December 28, 2015 - 12:00 AM

A strong argument against privatizing the state’s prison system a couple years back was the lack of accountability, especially when profit is a motive to the organizational structure.
The same doubts are cropping up with the state’s foster care system that was privatized almost 20 years ago to two agencies, KVC Behavioral Healthcare of Olathe, and St. Francis Community Services based out of Salina. Locally, TFI Family Services is a subcontractor with KVC.
Kansas was the first in nation to outsource foster care to private industry. In all those years since, only a handful of states have followed suit.
A number of issues indicate the system needs closer review, if not a complete overhaul, including;
1) The deaths of several children and increased reports of child abuse of those placed in foster care homes in recent years.
2) The dearth of qualified case workers to handle current cases.
3) A rapidly increasing caseload.

SINCE 2009, the number of Kansas children placed in foster homes has increased by 18 percent.
The reason? Resources for struggling families have been diverted to prop  up the state budget.
The number of families receiving help through the state’s Temporary Assistance for Needy Families program has been cut by more than half over the past several years, depriving them of any sort of lifeline.
One result is that the number of children who qualify for free or subsidized lunches is, for the first time, more than half of all children in Kansas public schools.
Also either reduced or eliminated are early childhood programs, tax benefits for those who live in rental properties, and utility relief credits.
There’s a direct link between poverty and stress, stress and a disrupted home life, a disrupted home life and child abuse.
The more we can keep our citizens fed, clothed and sheltered, the better the chances they can provide a stable home environment for their children and keep them out of the foster care system.

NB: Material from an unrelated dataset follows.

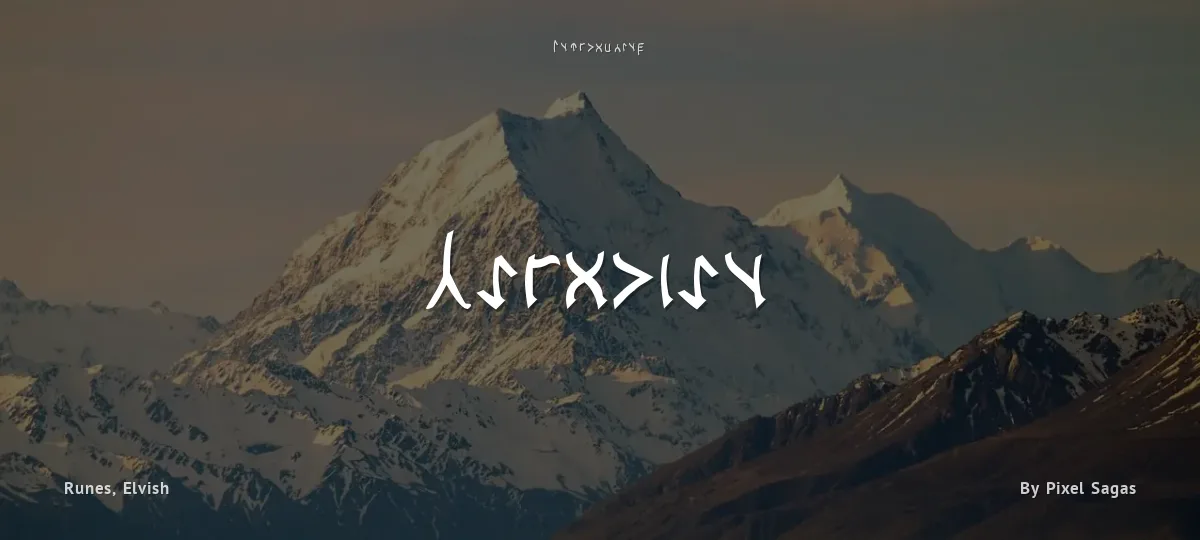 Cardosan font preview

PROFIT ALSO plays into the equation of foster care services delivered in Kansas. According to a recent story by the Associated Press, the CEOs of the two contracting agencies are paid upward  of $500,000, several times over what a position with the state would pay. Phyllis Gilmore, secretary of the Department of Children and Families, which oversees the state’s foster care services, earns a little more than $100,000.
The high CEO pay also is an affront to case workers — the system’s “boots on the ground” — who start out at about $35,000 a year, and that’s including a master’s degree.
This is not to say a program of such responsibility does not merit good pay. But it would feel better if it were more equitably distributed, and if Kansans could be assured the money was going to its intended target — the welfare of our children.
So far, the numbers speak otherwise.